The British identity crisis is like watching a retired lion try to go vegan. It traded imperial confidence for an HR department’s sensitivity training. The land of Churchill is now run by a sprawling “nanny state” bureaucracy more terrified of offending someone on X than of actual decline. Its police, once the envy of the world, now seem to spend more resources investigating “hate incidents” and painting patrol cars in rainbow colours than catching burglars. It is a nation desperately clinging to the aesthetics of tradition—the Royals, the pomp, the tea—while its institutions have been hollowed out by a progressive rot that makes a California campus look conservative. They want the swagger of the 19th century but are paralyzed by the emotional fragility of the 21st.

Then there is France, the angry, chain-smoking aunt of Europe who refuses to admit she’s been unemployed for decades. Her hangover manifests in permanent insurrection masquerading as “civic engagement.” Her identity is split between a delusional elite who still think Paris the capital of the universe and a populace that expresses “joie de vivre” by burning down bus stops every Thursday. The French have a Napoleonic complex without the Napoleon; they demand the living standards of a conquering empire while working a 35-hour week and retiring at an age when Americans are just hitting their stride. They preach “Republican values” and aggressive secularism, yet the state has lost control over vast swathes of its own suburbs. France is essentially a beautiful, open-air museum with the curators  on strike, the guards afraid of the visitors, and the management lecturing the rest of the world on “grandeur” while the electricity bill goes unpaid.

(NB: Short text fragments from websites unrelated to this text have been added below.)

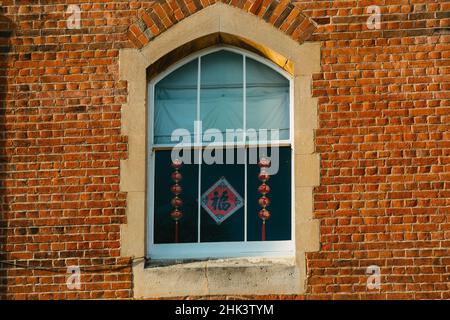 Windsor, UK. 1st February, 2022. Lunar New Year decorations are pictured in the window of a Jacobean-style Victorian terraced house. People across the world are welcoming the Year of the Tiger on 1st February 2022. Credit: Mark Kerrison/Alamy Live News Stock Photo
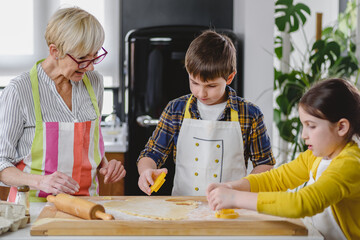 Grandmother baking cookies with her grandchildren at home. Baking cookies. Happy grandmother with...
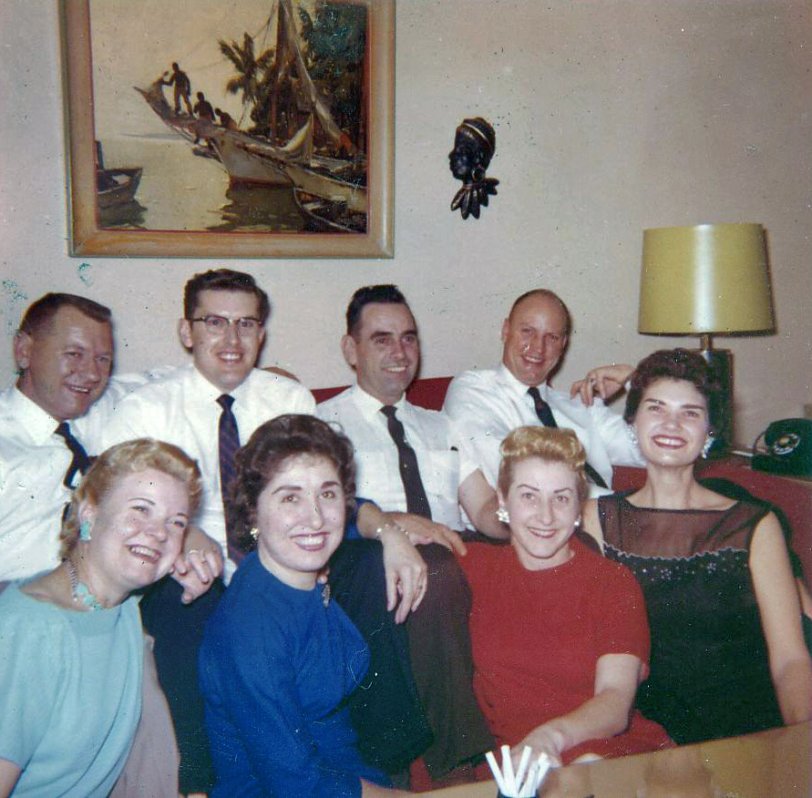 Unknown date, but likely early sixties. Yet another family or friends get-together with my grandparents, both of them on the far left. I love the hairstyles of the decade!  View full size.
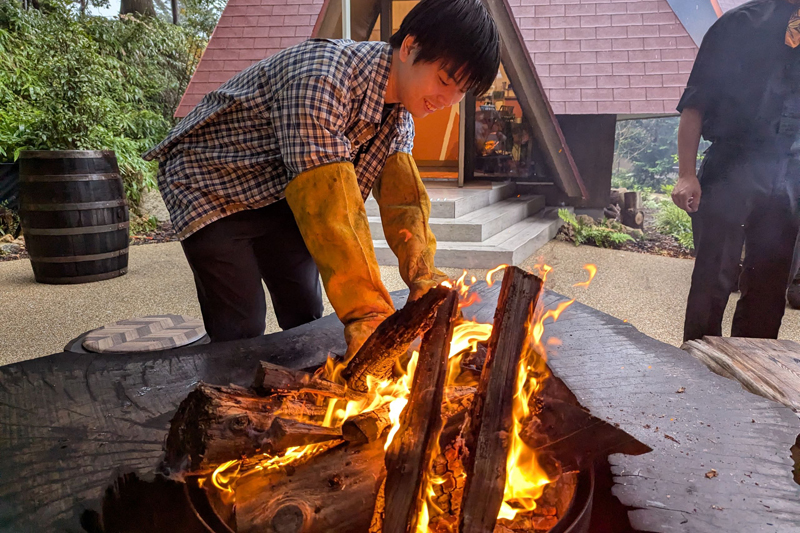 手袋をはめ、焚火の中から焼き芋を収穫中（※季節により体験は変わる）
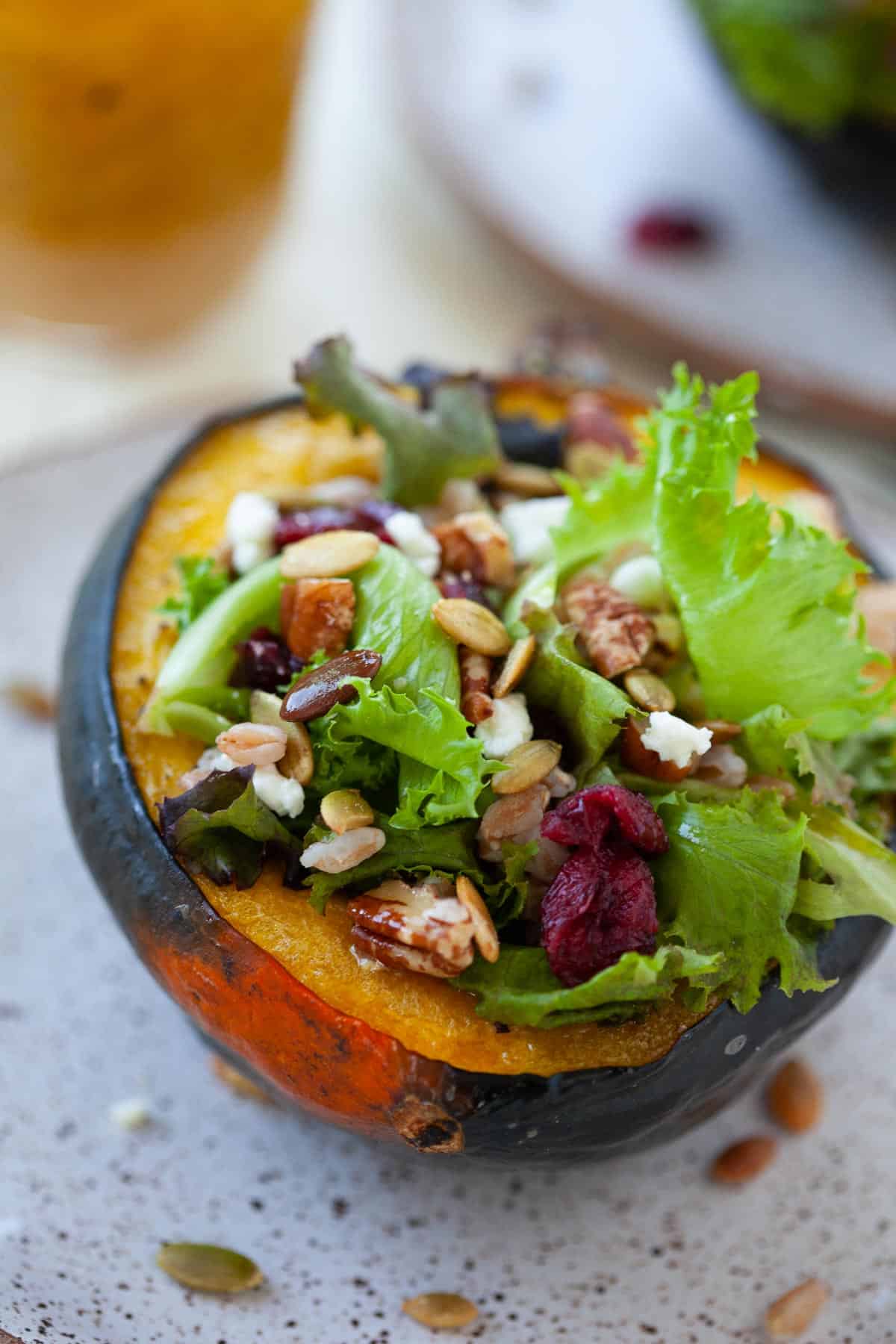 an acorn squash stuffed with baby springs, dried cranberries, goat cheese, pecans, and pepitas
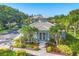Charming clubhouse with well-manicured landscaping and ample parking at 700 Gardens Edge Dr # 722, Venice, FL 34285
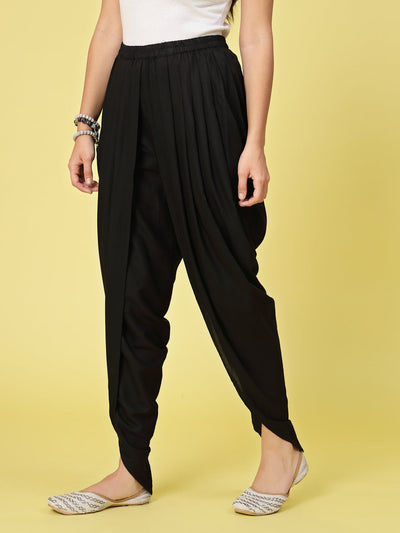 Women’s solid rayon dhoti salwar with pleated details and elastic waistband.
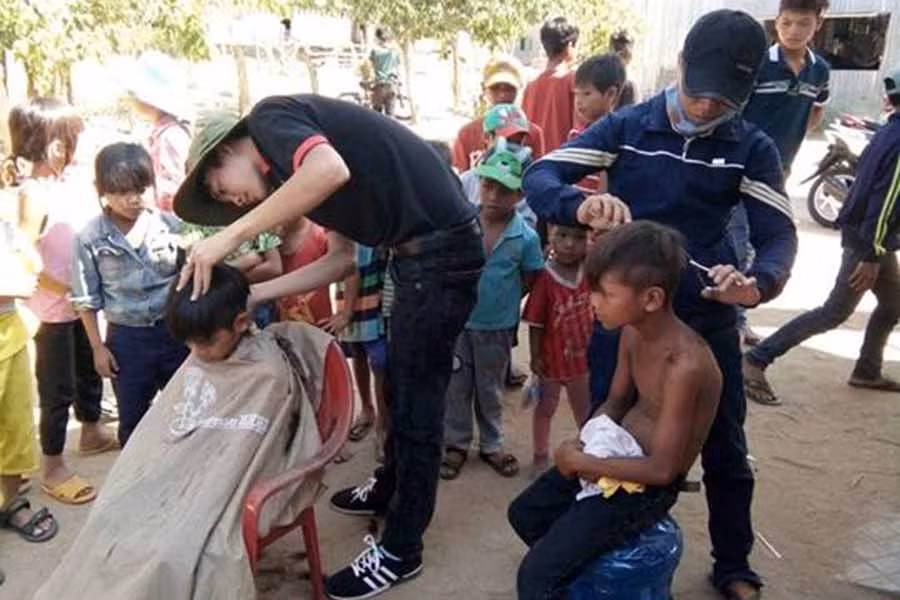 Cắt tóc miễn phí cho trẻ em trong làng. Ảnh: Hồng Thi
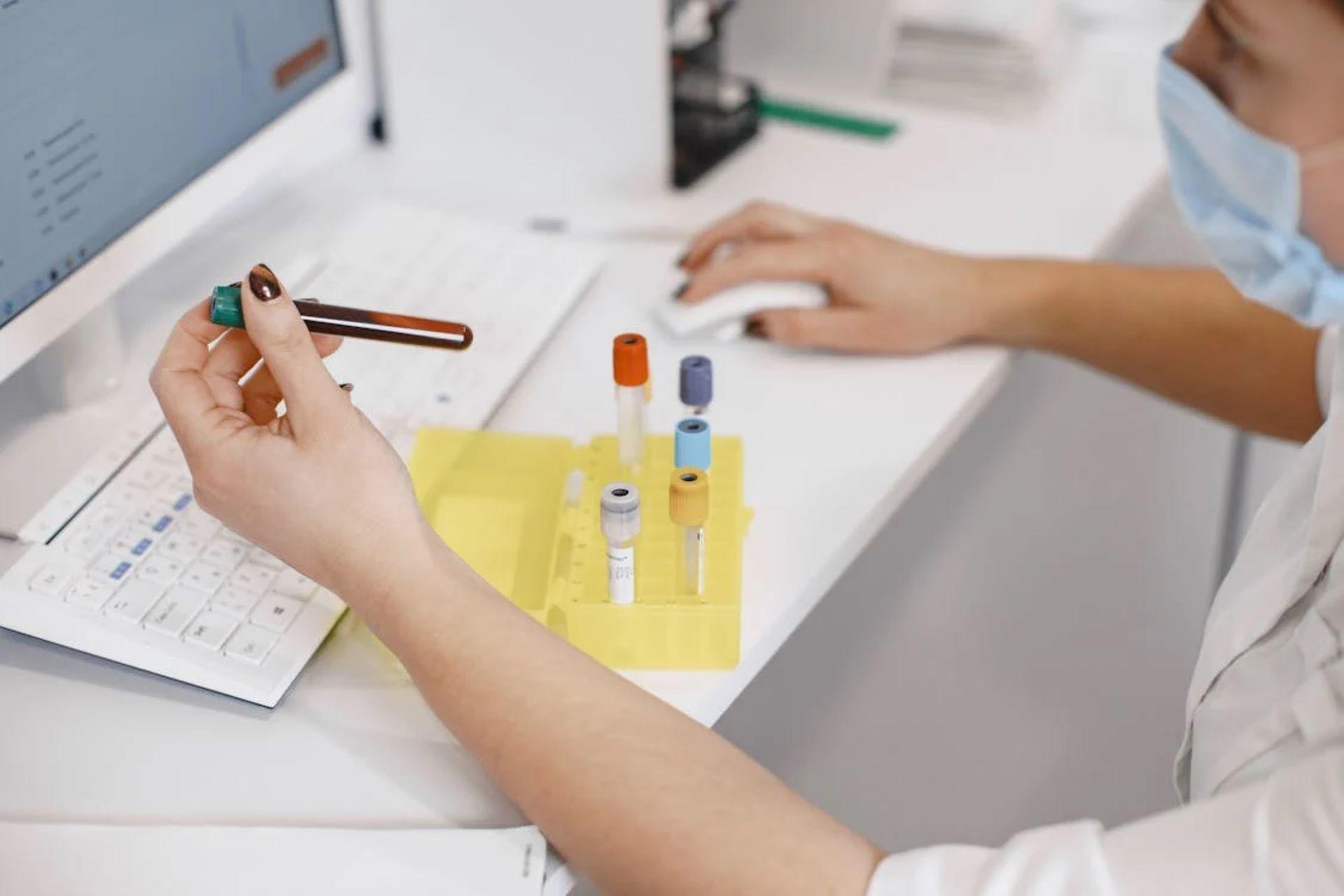 A medical student labelling test tubes in a lab.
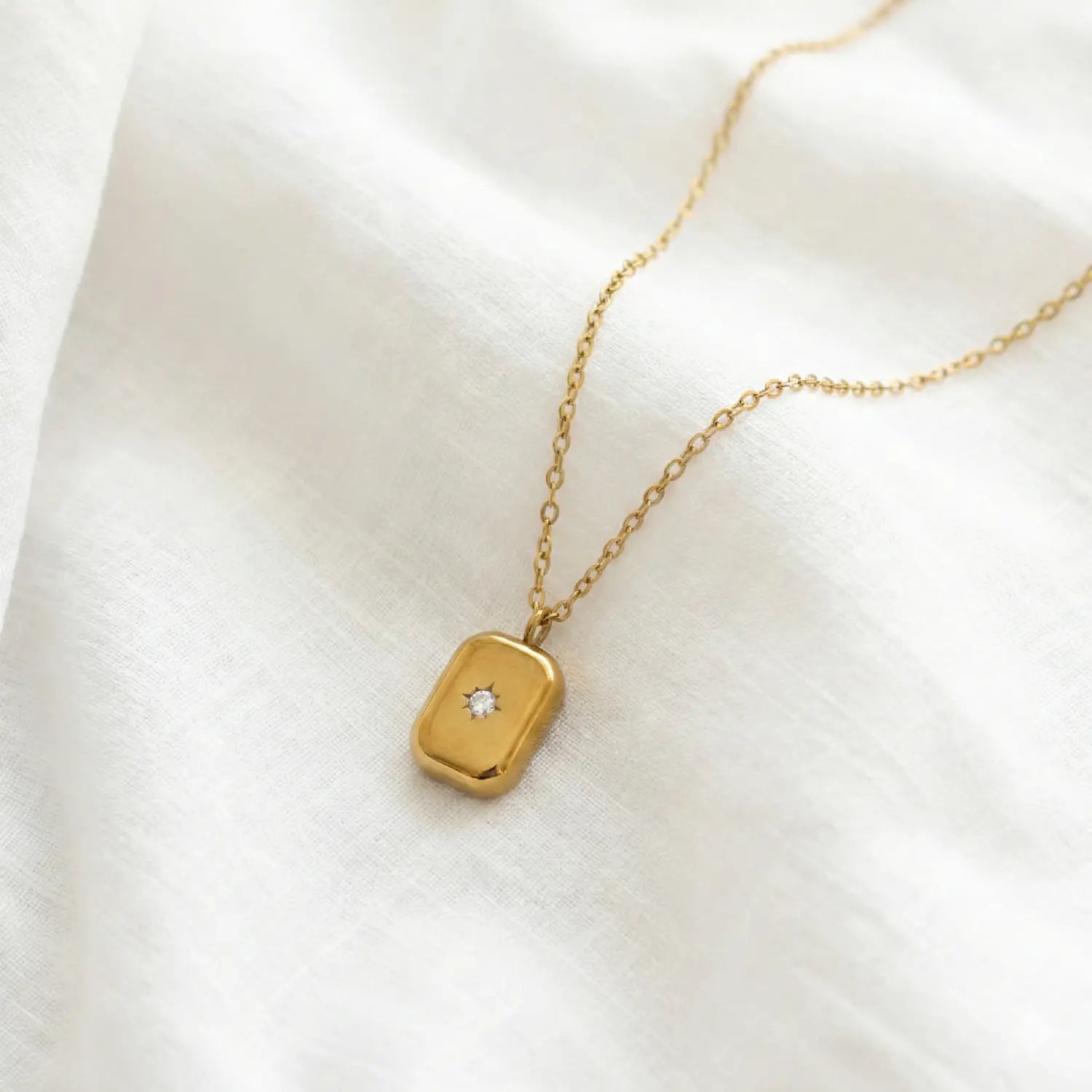 Gold necklace with a diamond pendant on a white background
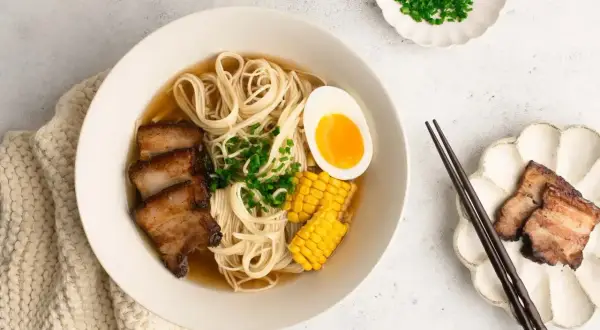 A miseczce shoyu ramen z makaronem, plastrami boczku, jajkiem na pół, kukurydzą i szczypiorkiem.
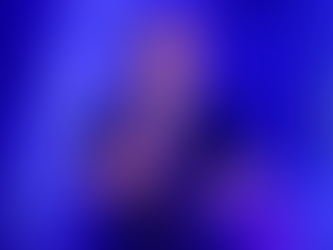 Drake talking on a mic with a blue and purple background
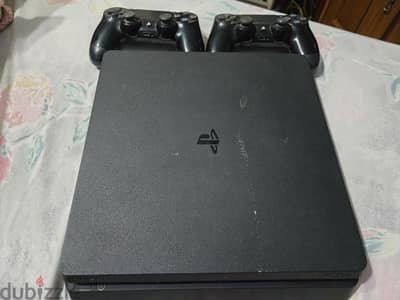 ps4 slim 500 with 2 controllers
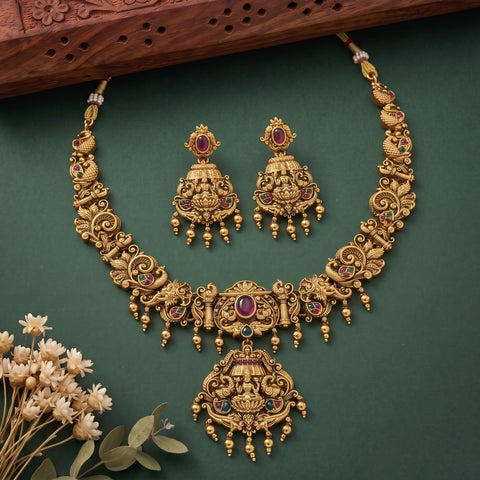 An ornate gold-toned traditional necklace and matching earrings set with red and green gemstone accents, arranged on a dark green background with decorative dried flowers and a carved wooden prop.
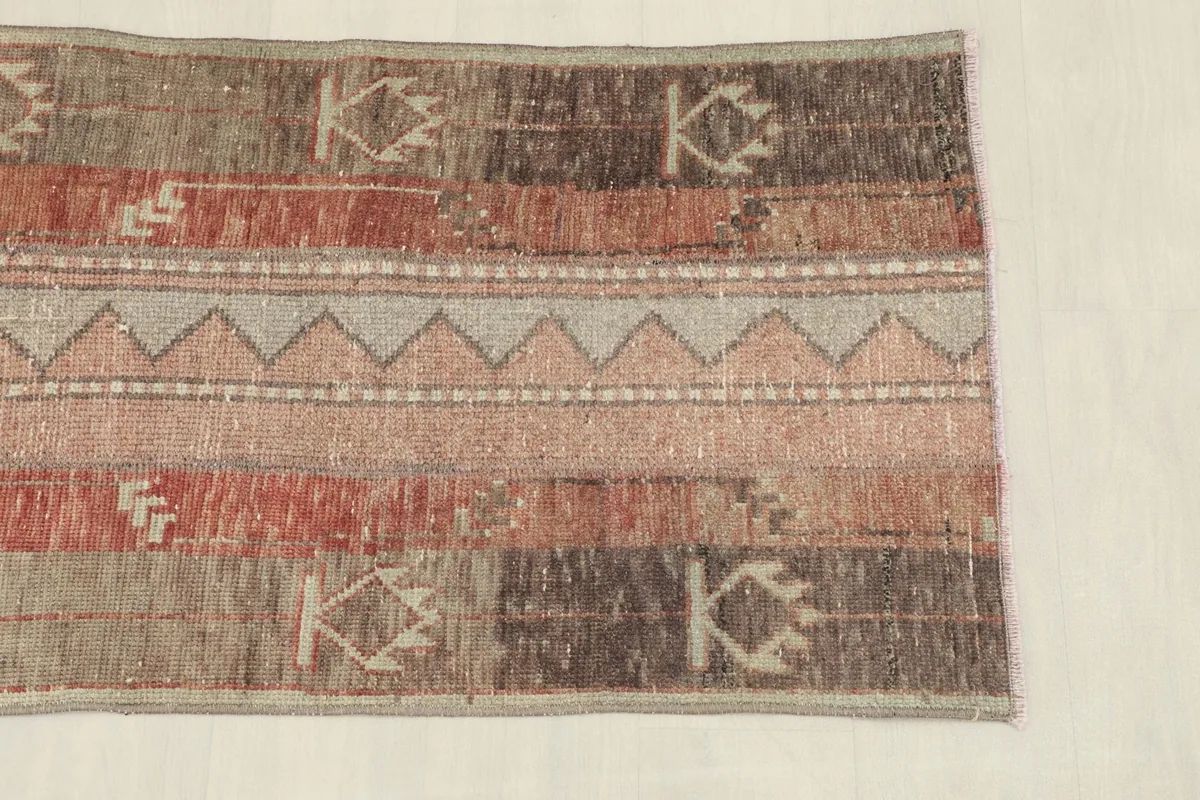 Close-up of the rug's surface, highlighting the striped design and geometric motifs.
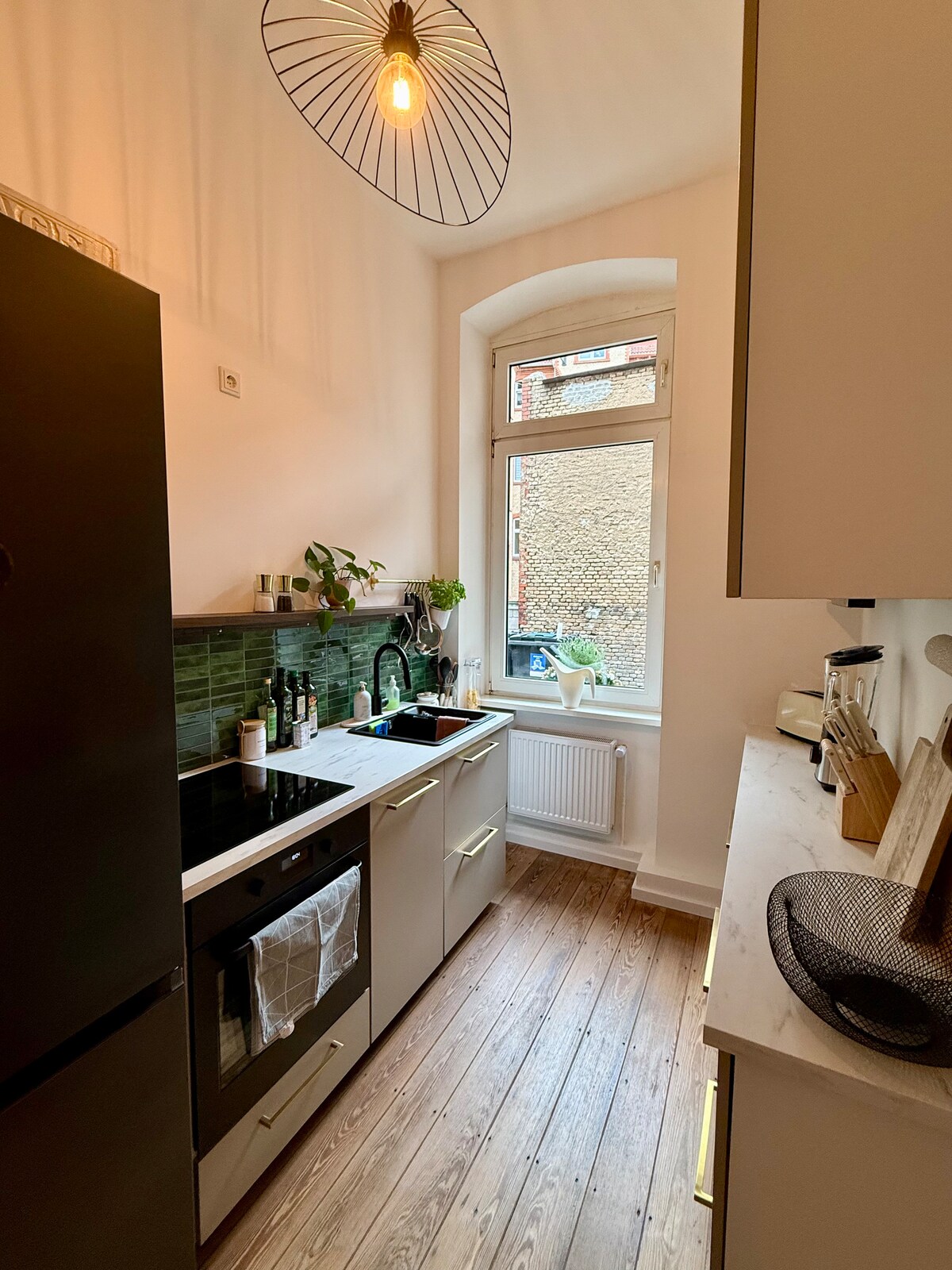 A compact kitchen features modern cabinetry and a sleek countertop. A window allows natural light to brighten the space. Cooking amenities include an oven, stove, and dishwasher. Green tiles add a refreshing touch, while potted plants bring a hint of nature indoors.
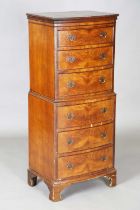 A mid-20th century reproduction walnut bowfront tallboy, height 130cm, width 55cm, depth 41cm.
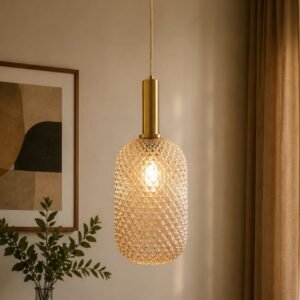 Luxury champagne crystal pendant light with a diamond-cut textured glass shade, brushed gold accents, and warm ambient illumination, suspended in a sophisticated contemporary interior.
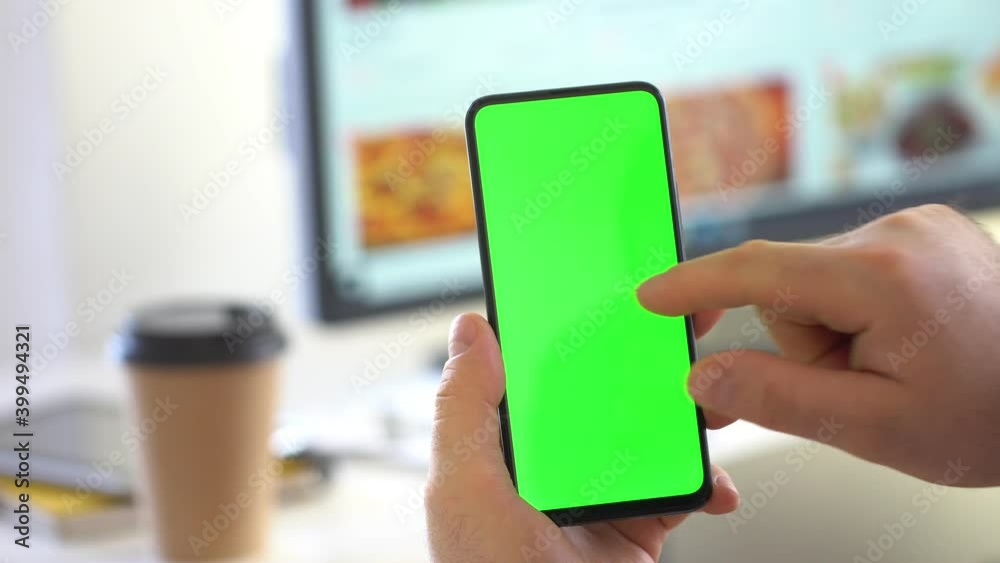 Handheld Camera: Back View of Brunette Man Holding Chroma Key Green Screen Smartphone Watching Content Without Touching or Swiping. Boy Using Mobile Phone, Browsing Internet, Watching Content, Handheld Camera: Back View of Brunette Man Holding Chroma Key Green Screen Smartphone Watching Content Without Touching or Swiping. Boy Using Mobile Phone, Browsing Internet, Watching Content,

Finally, we have Germany, the neurotic giant that decided the only way to atone for its history is to commit slow-motion industrial suicide.

Germany’s post-imperial hangover is a moral autoimmune disease: a country so terrified of its own shadow that it has replaced national pride with aggressive self-flagellation and recycling regulations. Their identity as “Moral Superpower”  translates to shutting down perfectly functional nuclear plants to burn dirty coal, while lecturing their neighbors on carbon footprints. A nation of engineers has engineered a society that doesn’t work. The German spirit, once defined by efficiency and discipline, has mutated into a paralyzed bureaucracy where filling out the correct form is more important than the outcome. They are so desperate to avoid being “threatening” they’ve become essentially a large NGO with an army that has broomsticks for rifles, terrified that showing any backbone might be interpreted as a relapse. 1

Heigh-ho. These days we must get our entertainment wherever it can be found.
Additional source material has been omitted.